ECE2011 Poster Presentations Clinical case reports (73 abstracts)
Venizeleio-Pananeio Hospital, Heraklion, Crete, Greece.
Introduction: Familial hypocalciuric hypercalcemia (FHH) is a benign disorder, with inappropriately elevated parathyroid hormone, without the complications of hypercalcemia (1). It is important to discriminate FHH from primary hyperparathyroidism (PHPT), because of the consequences on symptomatic disease and therapeutic approach. Ca/Cr clearance ratio will be <0.01 in FHH and most often >0.02 in PHPT (2). In patients with PHPT and vitamin D deficiency, low urinary calcium will increase after vitamin D repletion, thereby differentiating it from FHH.

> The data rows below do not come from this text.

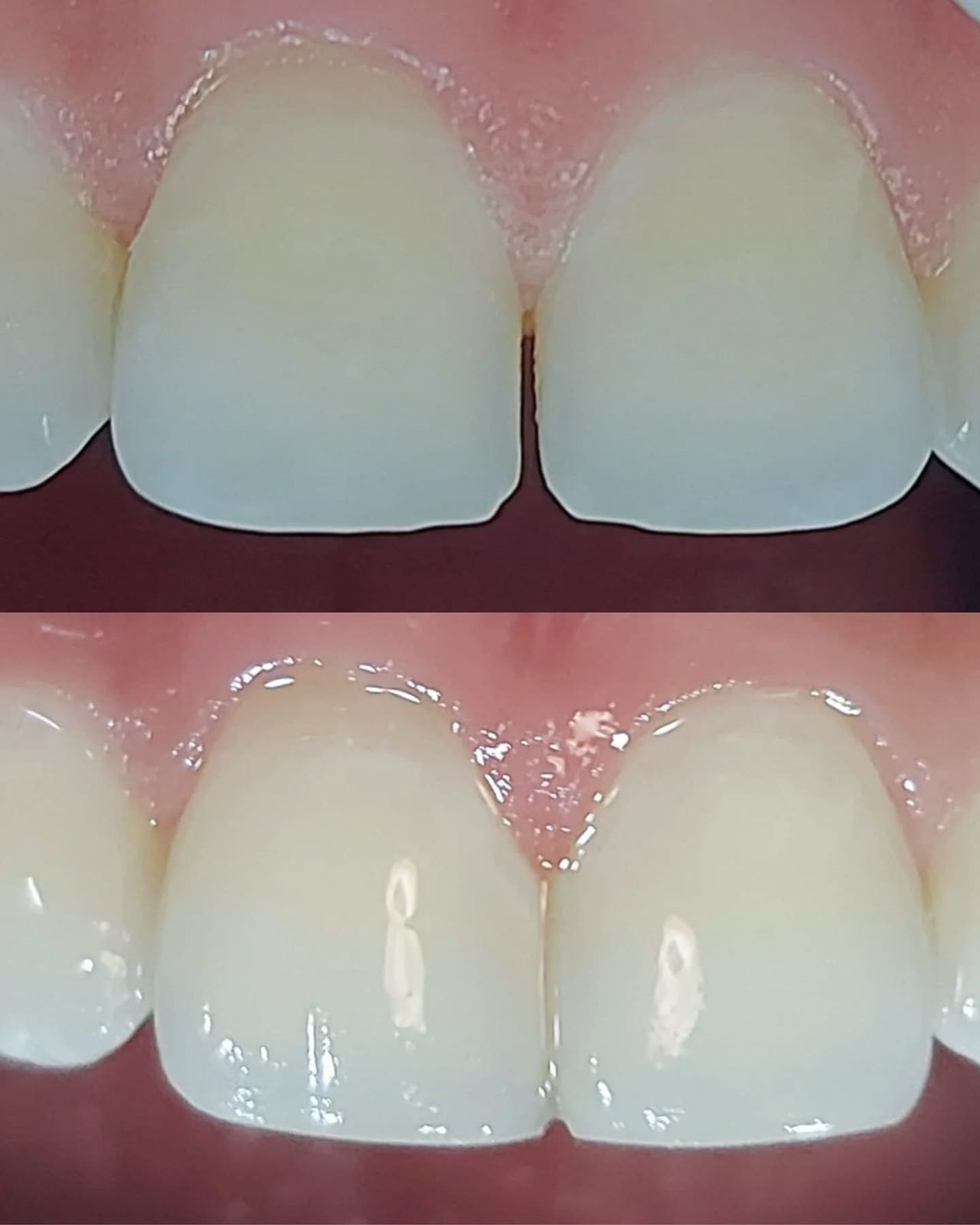 Resultado — Microdiseño de Sonrisa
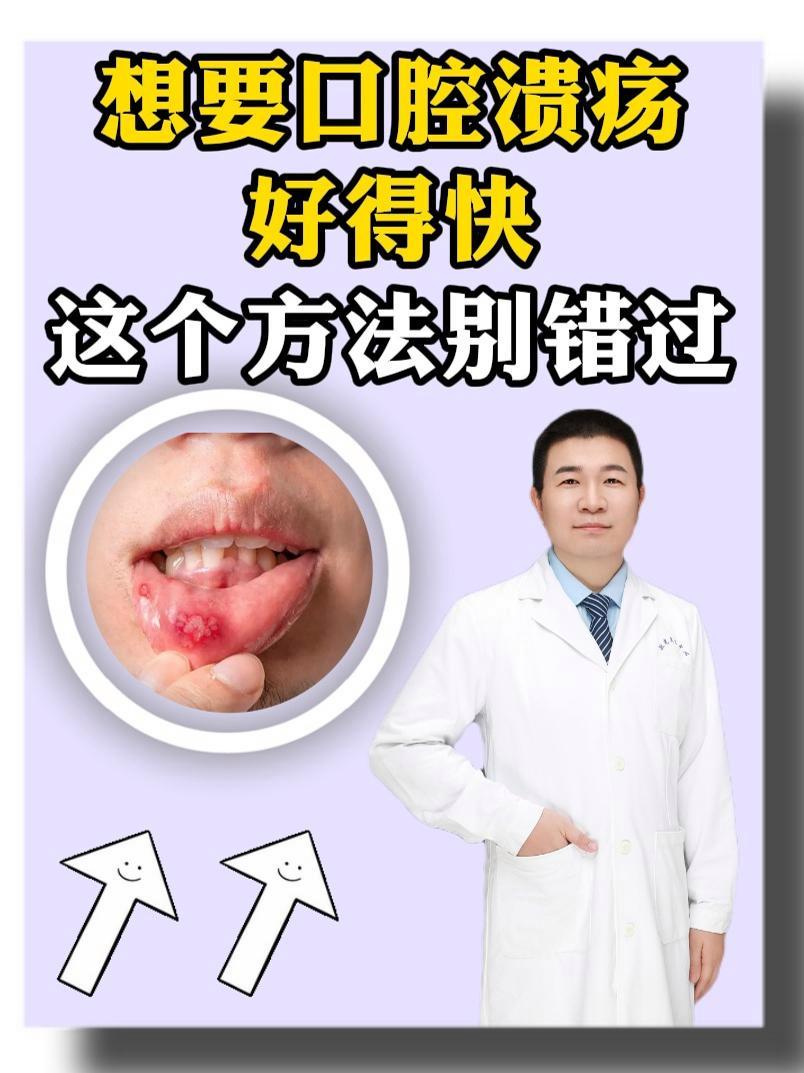 要想口腔溃疡好的快,认准这个方法 口腔溃疡 硬核健康科普行动 口疮 醋酸地塞米松口腔贴片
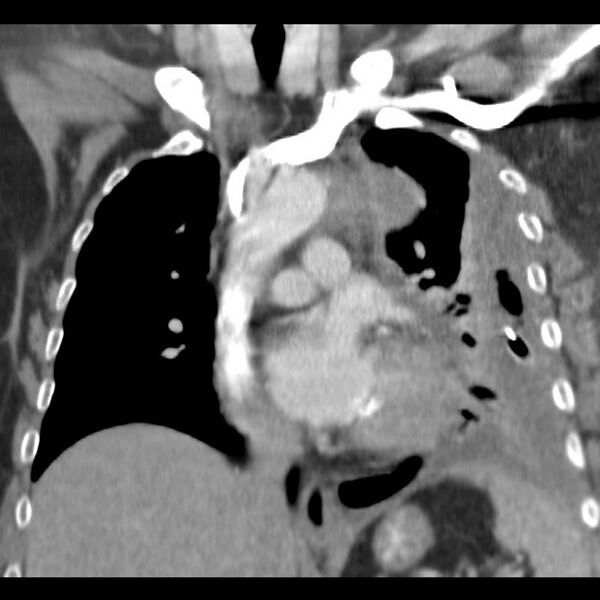 File:Aortic arch false aneurysm (Radiopaedia 14667-14588 B 4).jpg
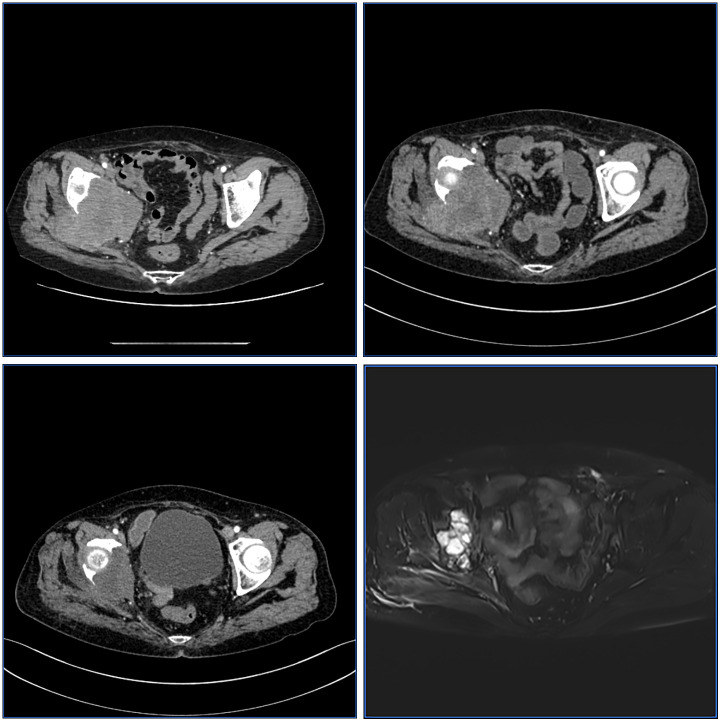Figure 1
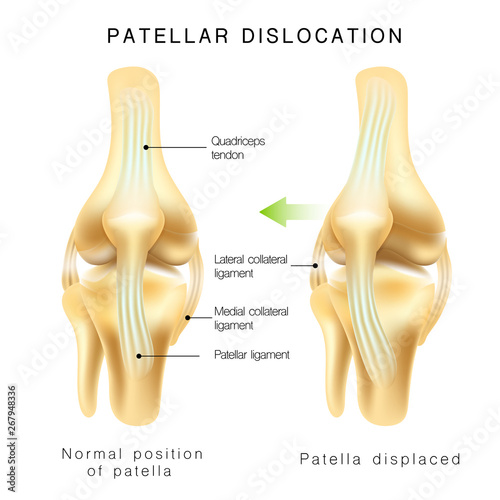 Normal position of kneecap and patella displaced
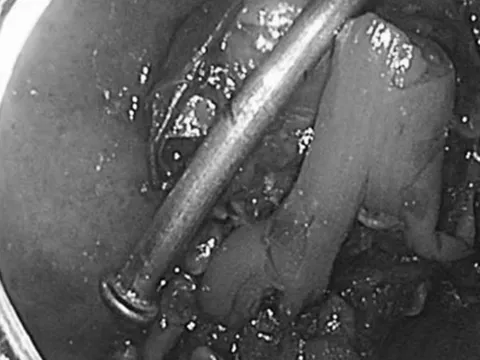 Bé trai 8 tuổi nghịch dại, bác sĩ kinh ngạc phát hiện thứ "đáng sợ" bên trong bụng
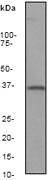 NB110-57028 - Heme oxygenase 1 / HMOX1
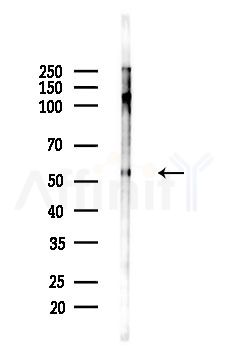 Phospho-Mnk1 (Thr250/Thr255) Antibody - Western blot analysis of lysates from Mouse brain, using Phospho-Mnk1 (Thr250/Thr255) Antibody at 1/1000 dilution.
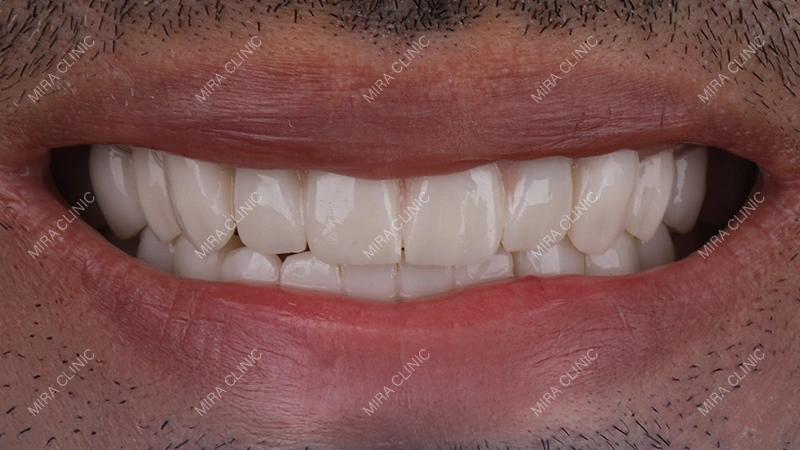 Zirconia Crowns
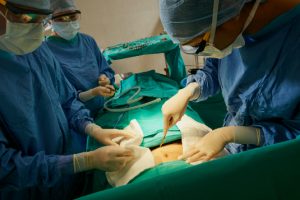 cirurgias do aparelho digestivo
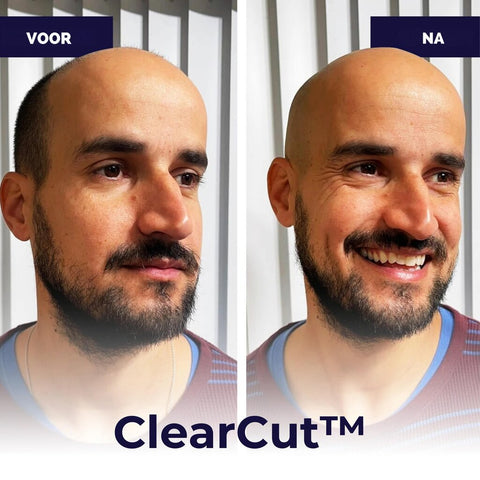 ClearCut® Moeiteloos Scheren: Het Ultieme Scheerapparaat!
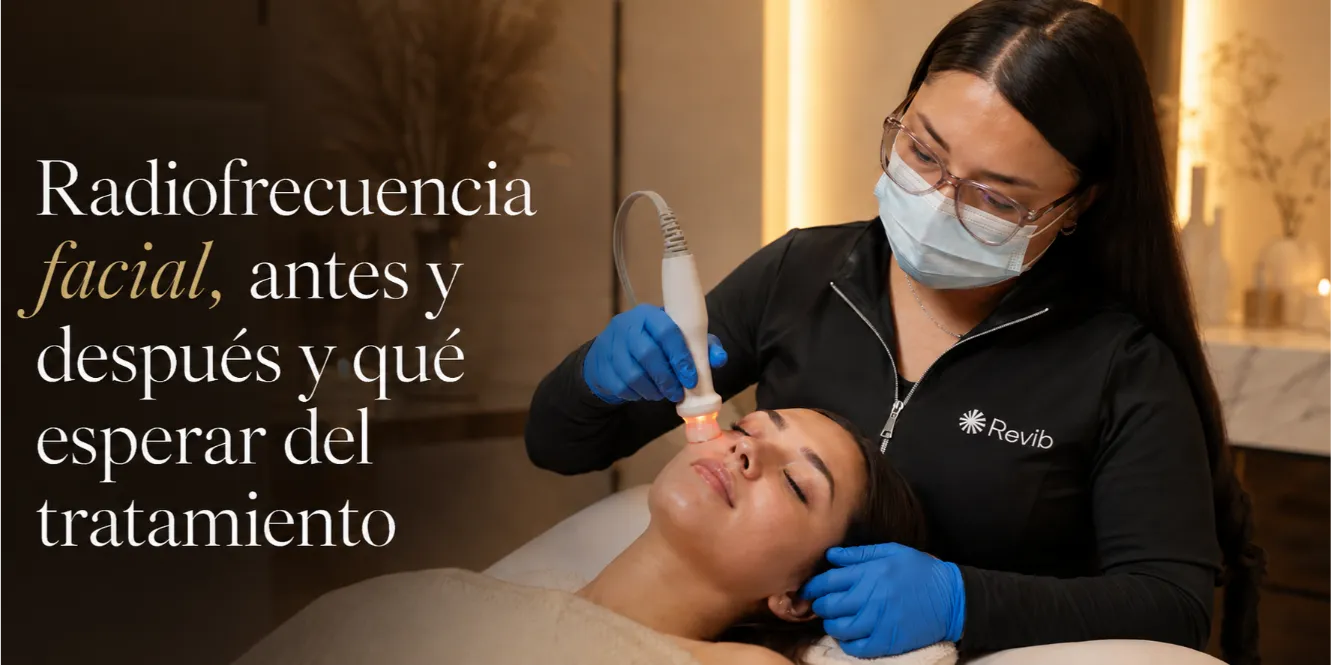 Radiofrecuencia facial, antes y después y qué esperar del tratamiento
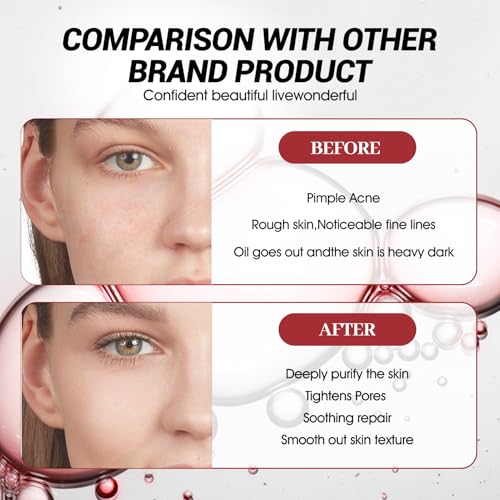 Fruchtsäurepeeling Gesicht, AH-A 30% + BHA 2% Chemisches Peeling Gesicht, Fruchtsäurepeeling Frauen, Sanftes Peelings, Feuchtigkeitsspendend, Geeignet für Eine Vielzahl von Hauttypen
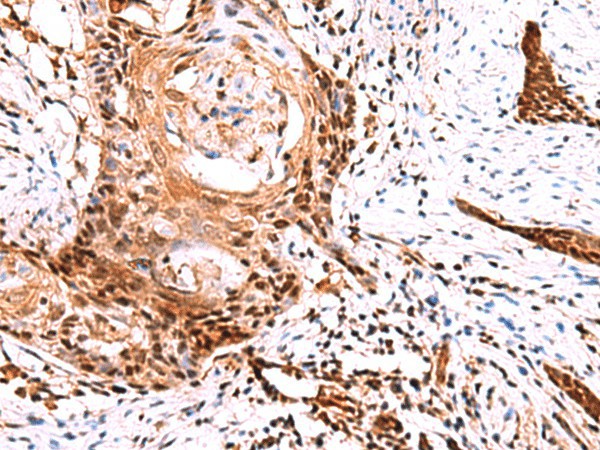 Immunohistochemistry of paraffin-embedded Human esophagus cancer tissue  using TSEN2 Polyclonal Antibody at dilution of 1:60(?200)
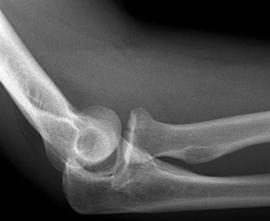 outstretched hand Treatment is based on displacement of fracture <2mm displacement - non-op >2mm displacement - ORIF comminuted - radial head replacement RADIAL HEAD FRACTURE Minimally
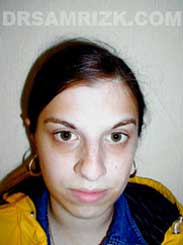 photo Female before Chin Surgery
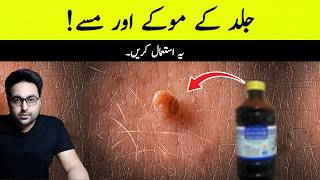 Dr ZeeUse Iodine for Skin Tags and Warts  डॉक्टर ज़ी [upl. by Rue]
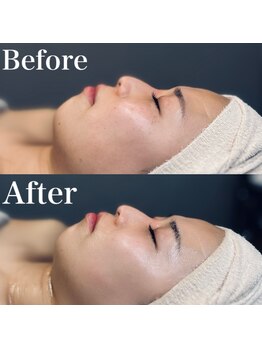 エクリア(ECLIA)/フェイシャル Before⇒After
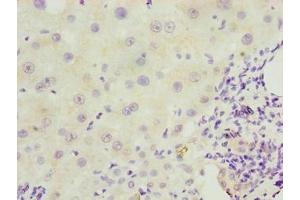 Immunohistochemistry of paraffin-embedded human liver cancer using ABIN7151406 at dilution of 1:100 (EFCAB12 antibody  (AA 1-200))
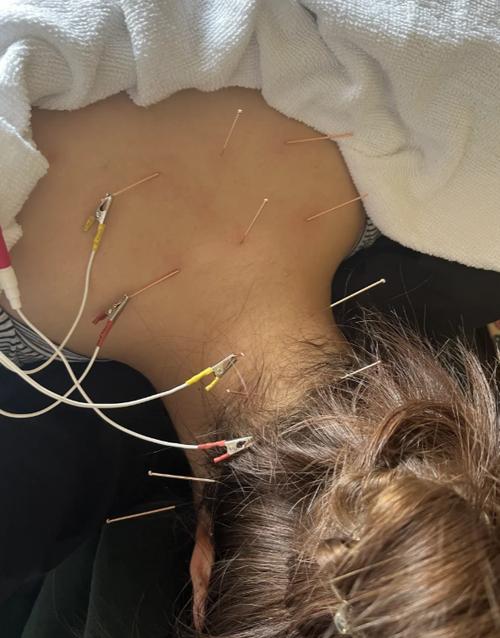 月经可以针灸颈椎吗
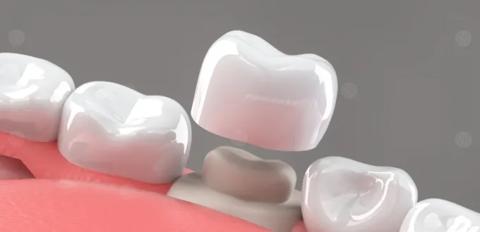 ما هي أضرار تلبيس الأسنان؟
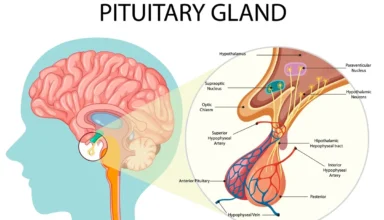 Pituitary Adenoma Causes, Symptoms, Diagnosis, and Treatment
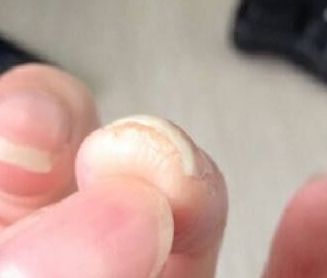 身体健康不健康,通过眼睛,声音,手,足和身材就能看出来_手指甲_关节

Case reports: Five female patients, mean age 54.4 years, without specific clinical symptoms had elevated PTH (mean value 89.2 pg/ml), elevated or at the upper limit of normal serum calcium (10.3 mg/dl) and low urine calcium (mean value 80.5 mg/24 h). Their Ca/Cr clearance ratio was <0.01 (mean value 0.006). Vitamin D 25 OH deficiency coexisted in 2 patients was supplied without substantial increase in calcium urine values. The lack of symptoms and Ca/Cr clearance ratio <0.01 confirmed the diagnosis of FHH. No further evaluations and treatment was necessary.
Conclusion: In clinical practice, frequently we see elevated levels of PTH and serum calcium, which can lead to unnecessary evaluation and unsuccessful treatment if not FHH is considered.